• SOURCE DATA
========

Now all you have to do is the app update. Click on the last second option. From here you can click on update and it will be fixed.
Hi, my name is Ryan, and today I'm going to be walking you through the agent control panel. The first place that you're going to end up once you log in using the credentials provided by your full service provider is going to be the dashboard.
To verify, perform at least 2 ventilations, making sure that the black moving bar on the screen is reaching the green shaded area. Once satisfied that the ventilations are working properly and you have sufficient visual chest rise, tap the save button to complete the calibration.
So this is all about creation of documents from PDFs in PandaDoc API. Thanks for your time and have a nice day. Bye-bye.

========

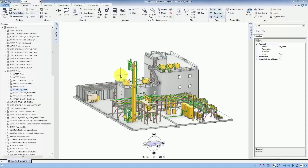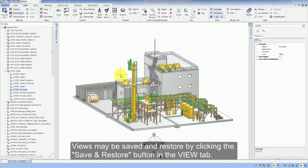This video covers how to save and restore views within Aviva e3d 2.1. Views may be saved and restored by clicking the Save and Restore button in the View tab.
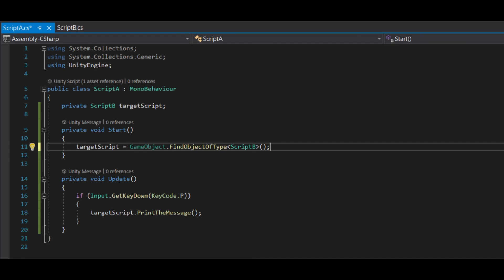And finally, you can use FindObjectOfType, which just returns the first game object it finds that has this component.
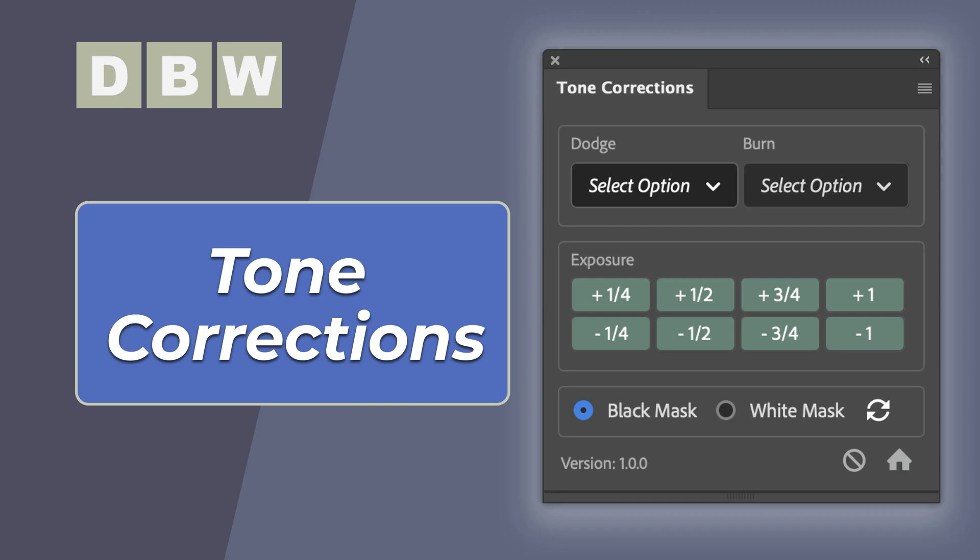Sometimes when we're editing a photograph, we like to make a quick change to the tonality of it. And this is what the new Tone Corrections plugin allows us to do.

========

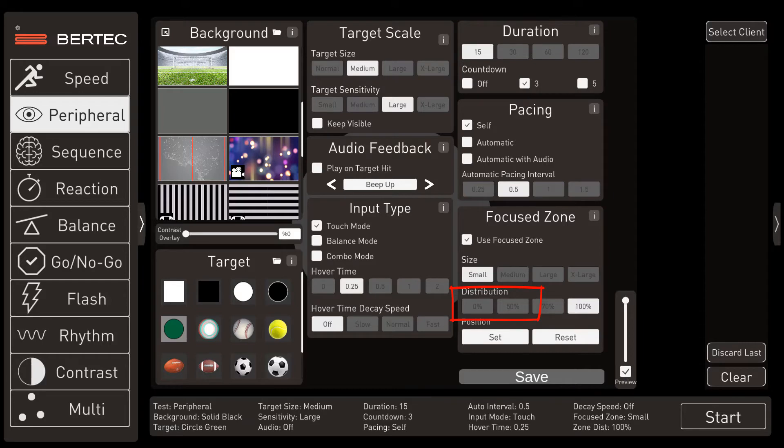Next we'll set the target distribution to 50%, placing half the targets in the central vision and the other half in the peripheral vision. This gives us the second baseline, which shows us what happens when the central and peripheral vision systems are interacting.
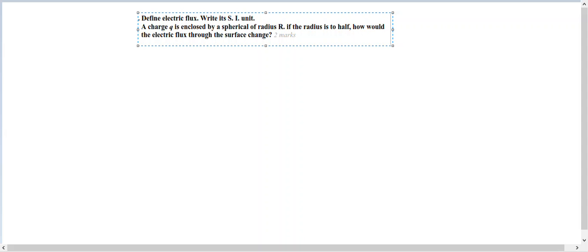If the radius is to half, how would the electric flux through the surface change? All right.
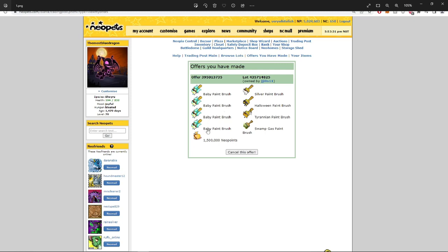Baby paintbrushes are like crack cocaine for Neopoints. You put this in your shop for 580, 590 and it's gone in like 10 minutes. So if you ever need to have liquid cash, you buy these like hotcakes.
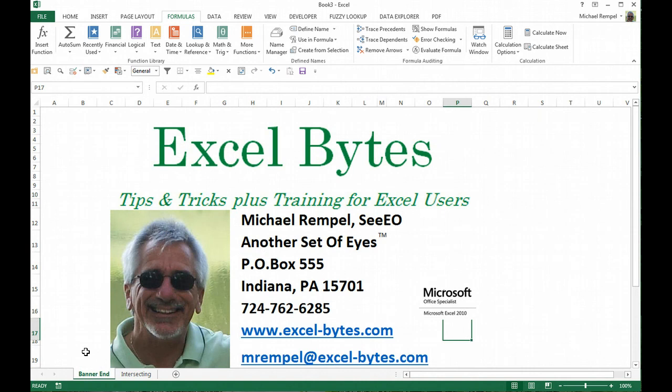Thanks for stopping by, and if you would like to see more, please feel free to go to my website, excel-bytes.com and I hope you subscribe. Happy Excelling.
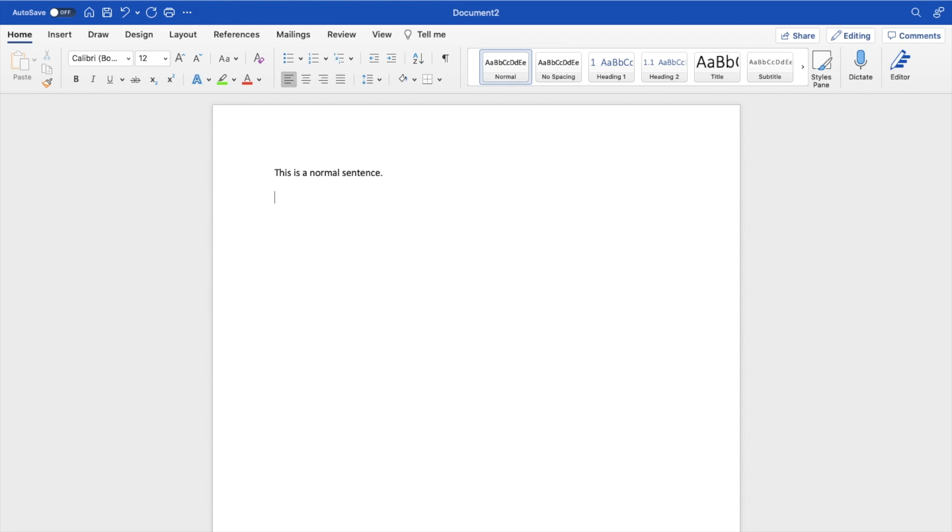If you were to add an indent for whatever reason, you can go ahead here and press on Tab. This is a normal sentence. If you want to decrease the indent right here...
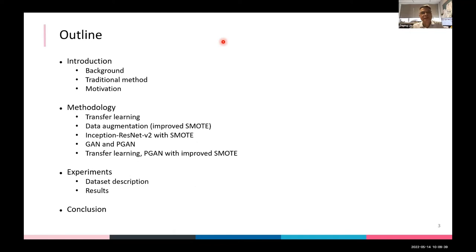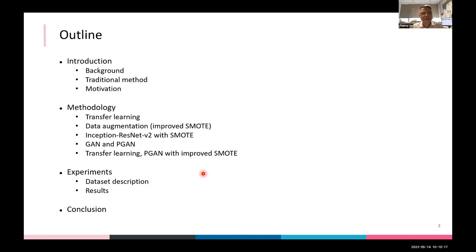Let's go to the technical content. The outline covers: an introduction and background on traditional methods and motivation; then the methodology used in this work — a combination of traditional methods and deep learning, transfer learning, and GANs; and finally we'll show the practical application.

========

• GOAL OF THE EXERCISE
What lines above run from the one with "And finally, you" to the one with "Sometimes when we're"? Give them again exactly, ends included, and leave the pictures out.

• SOLUTION FOR THIS EXERCISE
And finally, you can use FindObjectOfType, which just returns the first game object it finds that has this component.
Sometimes when we're editing a photograph, we like to make a quick change to the tonality of it. And this is what the new Tone Corrections plugin allows us to do.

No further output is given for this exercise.